MineCPP also known as Minecraft++ is an extension of Minecraft
The dataset generated by MineCPP for 25 python projects is available at Zenodo
MineCPP - A tool to mine a GitHub repository and obtain a dataset containing a list of bug-fix pairs and related information. The tool, with the argument -U [GitHub URL], mines the repository and provides the output project_name.csv. The schema of project_name.csv contains 17 columns and each row in it represents a potential bug-fix pair.
MineCPP is a python based tool. Make sure python is installed before following the Installation guide.
MineCPP can be installed with a simple pip command.
# Installation command
pip install minecpp
All the dependencies are taken care by the installation.
MineCPP comes with three optional arguments:
optional arguments:
-h, --help show this help message and exit
--version show version number and exit
-u U Provide the GitHub repo link to anlyse the repository
A GitHub URL of the repository is enough to perform analysis on the repo. Command to run it on repository is:
minecpp -u https://github.com/SET-IITGN/Minecraft
The output of the tool is a project_name.csv
file. The schema of the file is:
- 'Before Bug fix': Represents the code snippet containing a bug.
- 'After Bug fix': Represents the code snippet after the bug is fixed.
- 'Location': Represents the line numbers. The 'after' field represents the line number where the bug is fixed, and 'before' represents the line number where the bug was found.
- 'Bug type': Represents the type of bug obtained from LLM using the git diff between the fixed commit and the buggy commit.
- 'Commit Message': Represents the author's description of the commit.
- 'File Path': Represents the path of the file in which the change is present or the bug is fixed.
- 'Test File': Denotes whether the test file is present for the bug. Here, 1 represents that the test file is present, and 0 represents that the test file is absent.

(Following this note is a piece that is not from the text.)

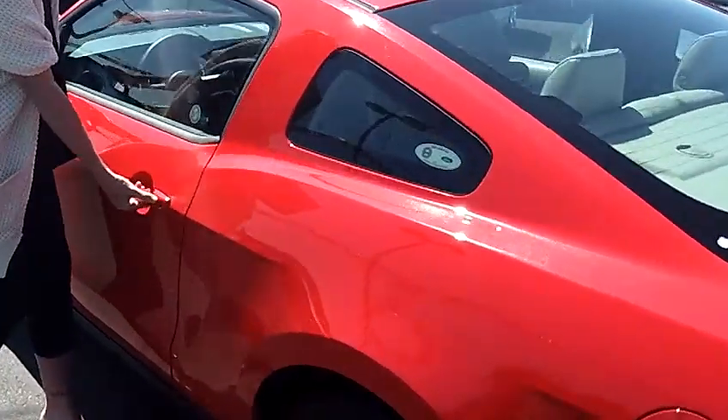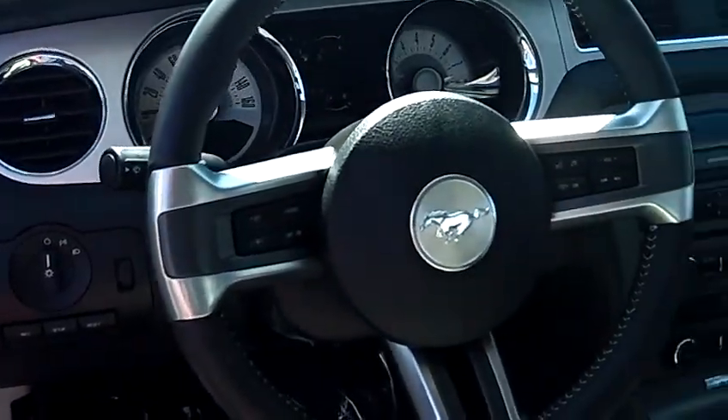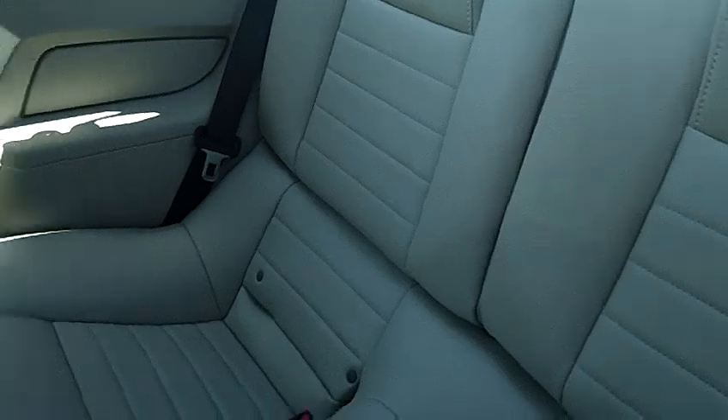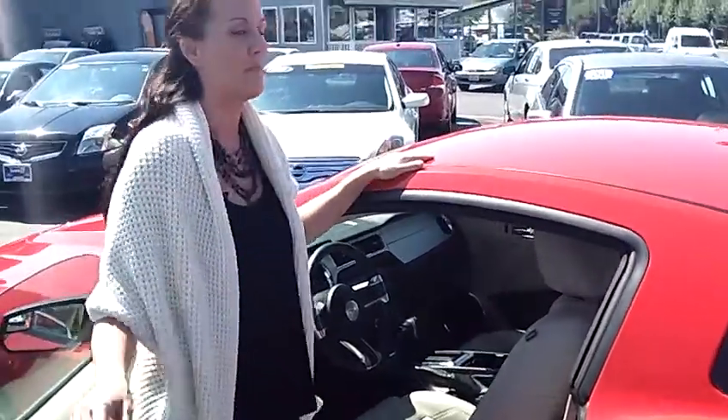Let's take a look at the interior. Oh, again beautifully well-maintained. This vehicle is fully stocked here — we're talking automatic doors, automatic windows, automatic steering. It's a manual transmission with light leather tan seats. And of course AM, FM, and CD.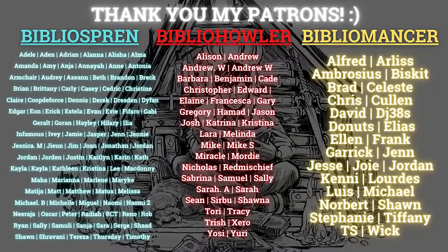But until then, as always, thank you so much for watching and thank you for your support. Bye-bye. And lastly, I want to say thank you so much once again to all my patrons who keep on supporting me.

- 'Coding Effort': Represents the effort an author makes before a bug occurs (obtained from the AST of the source code).
- 'Constructs': Represents the type of constructs in which the bug occurred.
- 'Lizard Features Buggy': Denotes the cyclomatic complexity of the buggy file.
- 'Lizard Features Fixed': Denotes the cyclomatic complexity of the bug-fix file.
- 'BLEU', 'crystalBLEU_score', 'bert_score': Represent three different algorithms that estimate the similarity between buggy and fixed code. The similarity score lies in the range 0 to 1, where 1 indicates similarity, and 0 indicates dissimilarity.
The tool also provides a GUI to explore and analyse the dataset. It provides two features
- Dataset Visualization: This feature is used to view the dataset and it is interactive.
- Quantitative Analysis: This feature is used to show the quantative analysis of Coding Effort vs Bug-Fix pairs and Similarity Score vs Bug-Fix pairs.
Python 3.8 or above
Needs C++ 14
Conrtibutions are accepted. The contributions will be accepted only if they are suitable for the tool.